Now that the latest Ontario High-Speed Rail proposal has come out, we are getting the usual Serious Journalism about rail. Which means some combination of intentional and unintentional concern trolling about rail, particularly around costs (call it “concern costing”). A particular attribute of this kind of analysis is it always looks at rail in isolation as a standalone service, as if decades of subsidizing driving didn’t exist.
Here’s what a better comparison of Ontario high-speed rail versus highways that included more context might look like:
Measurement | High-Speed Rail | Highways |
---|---|---|
Est. deaths over 10 years | 0 | 3000 |
Est. injuries over 10 years | ~0 | 30,000 |
Est. expenditure over 10 years | $20 billion? | $26 billion |
Est. direct revenue over 10 years | ? | $0 |
So just to be clear, spending $26 billion on roads to get zero revenue and kill 3000 people is a no brainer, but spending maybe $20 billion on rail to get some unknown millions in revenue and kill zero people needs Very Serious Analysis.
Estimated deaths over 10 years is from Ontario road deaths: Did drivers do better or worse in 2015? It applies to highways under OPP jurisdiction. Estimated injuries is just a direct 10x scaling of deaths.
Estimated highway expenditure is from Ontario budget 2017, at the bottom of Investing in Highway Infrastructure.
No one really knows yet how much the train will cost, or how much revenue it will bring in.
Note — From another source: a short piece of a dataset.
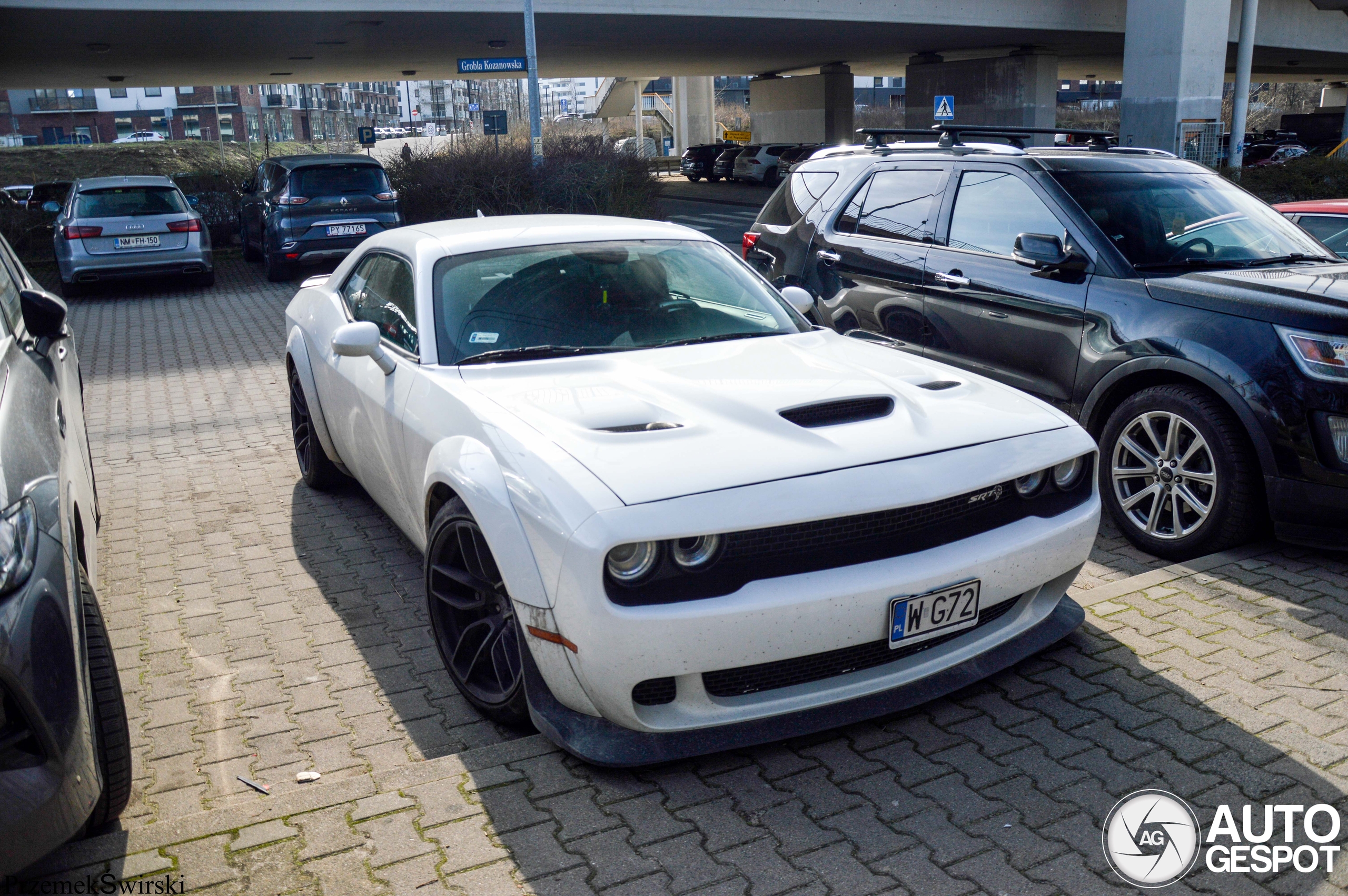 Dodge Challenger SRT Hellcat Widebody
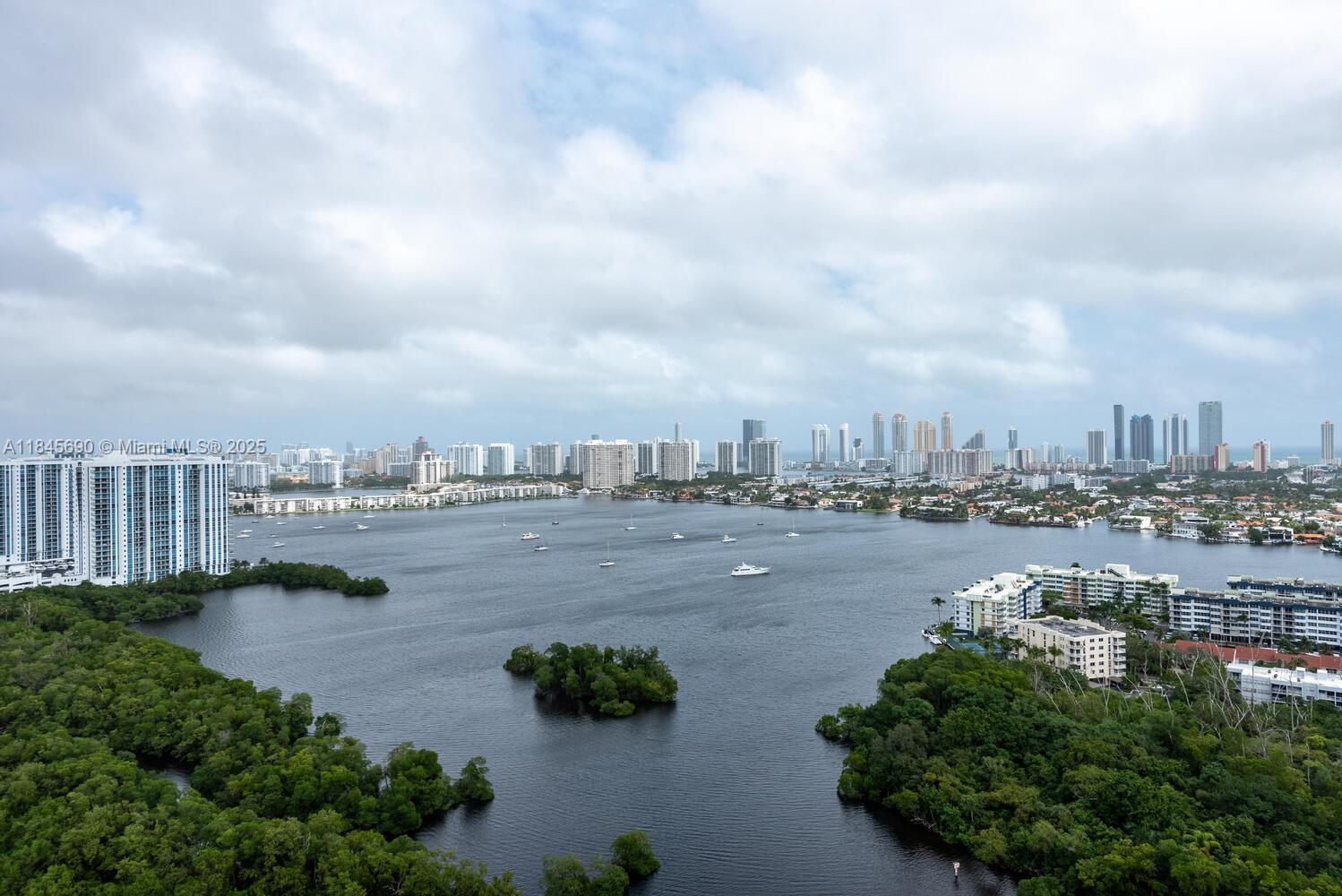 16385 Biscayne Blvd 2904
I’m not saying we shouldn’t examine the viability of High-Speed Rail. I’m just saying we should place it in context with our expenditures on highways. If you’re not asking the exact same questions about highway “viability”, then it’s not a level playing field. If you’re not talking about the fact that you’re introducing HSR into an environment where driving has been massively subsidised on multiple fronts, including cost of gas, cost of highways and cost of parking, then it’s not a level playing field.